===== Recorded information =====

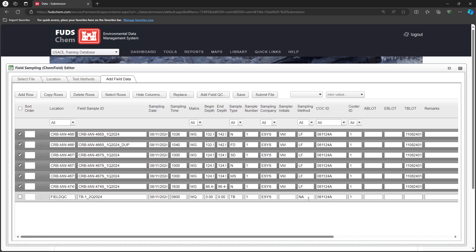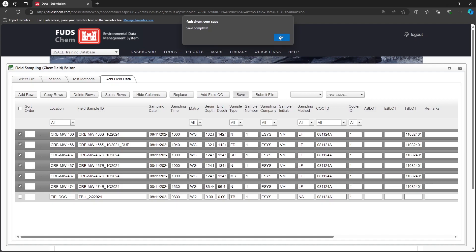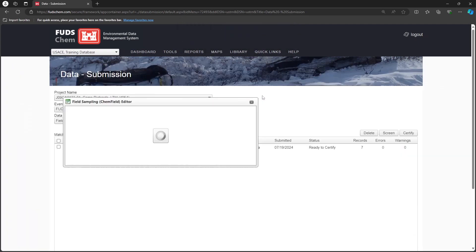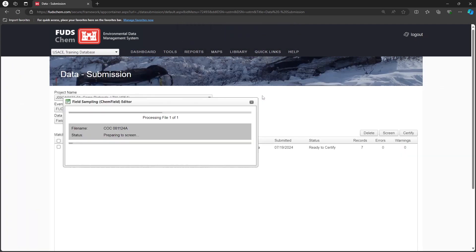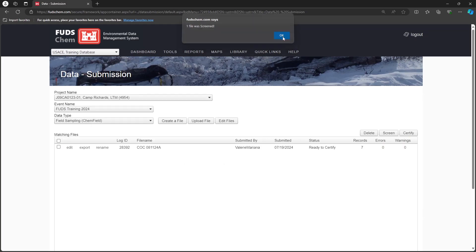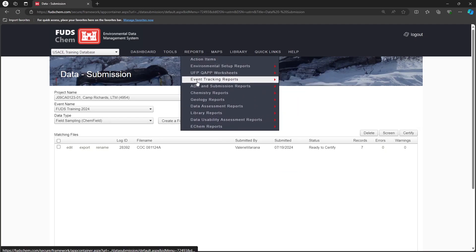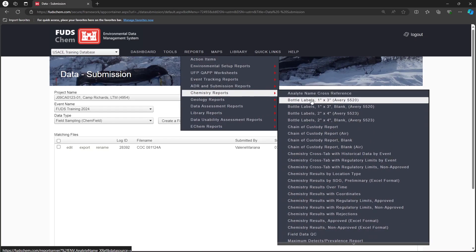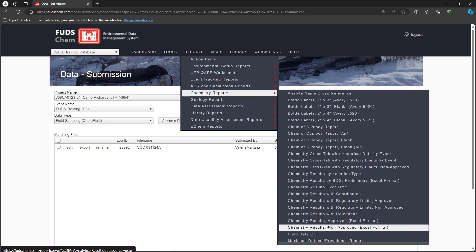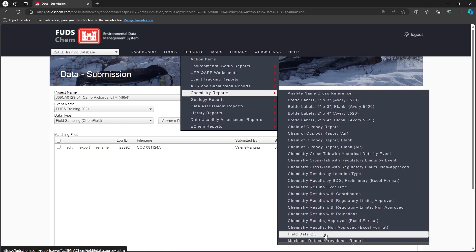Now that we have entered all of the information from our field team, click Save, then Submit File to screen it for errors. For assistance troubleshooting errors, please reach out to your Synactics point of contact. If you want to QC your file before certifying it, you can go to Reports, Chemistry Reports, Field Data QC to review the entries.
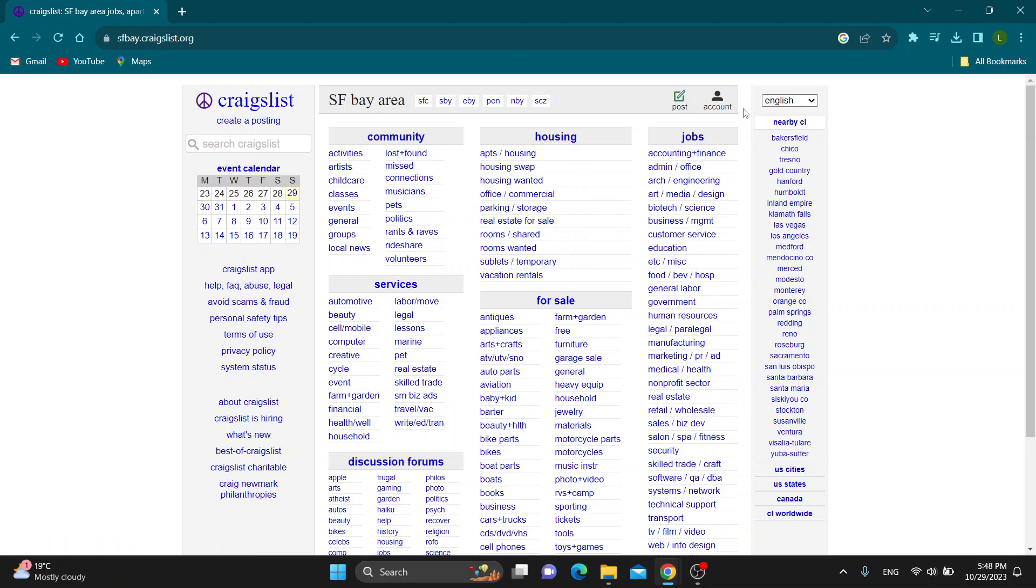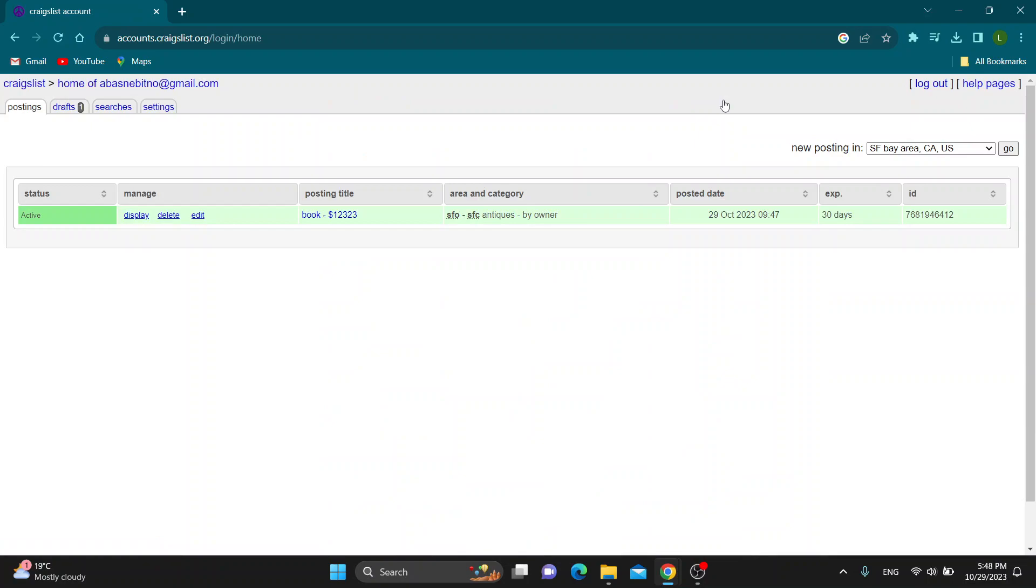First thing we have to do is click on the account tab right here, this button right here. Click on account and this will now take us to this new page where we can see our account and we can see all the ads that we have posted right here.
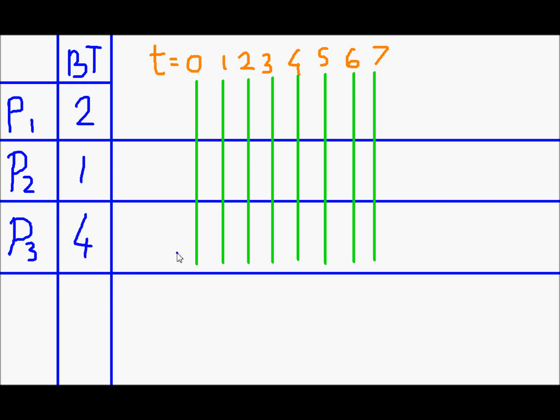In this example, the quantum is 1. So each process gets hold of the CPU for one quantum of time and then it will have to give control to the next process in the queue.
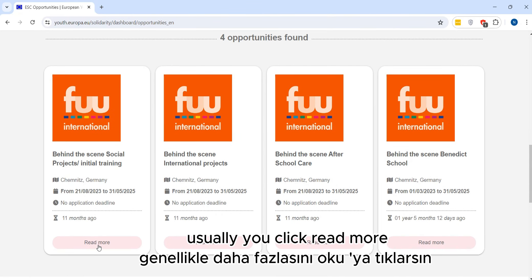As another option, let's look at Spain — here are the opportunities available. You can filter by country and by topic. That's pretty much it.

=====

Your job is to reproduce the material exactly. Keep pictures out of it.

Now that we have entered all of the information from our field team, click Save, then Submit File to screen it for errors. For assistance troubleshooting errors, please reach out to your Synactics point of contact. If you want to QC your file before certifying it, you can go to Reports, Chemistry Reports, Field Data QC to review the entries.
First thing we have to do is click on the account tab right here, this button right here. Click on account and this will now take us to this new page where we can see our account and we can see all the ads that we have posted right here.
In this example, the quantum is 1. So each process gets hold of the CPU for one quantum of time and then it will have to give control to the next process in the queue.
As another option, let's look at Spain — here are the opportunities available. You can filter by country and by topic. That's pretty much it.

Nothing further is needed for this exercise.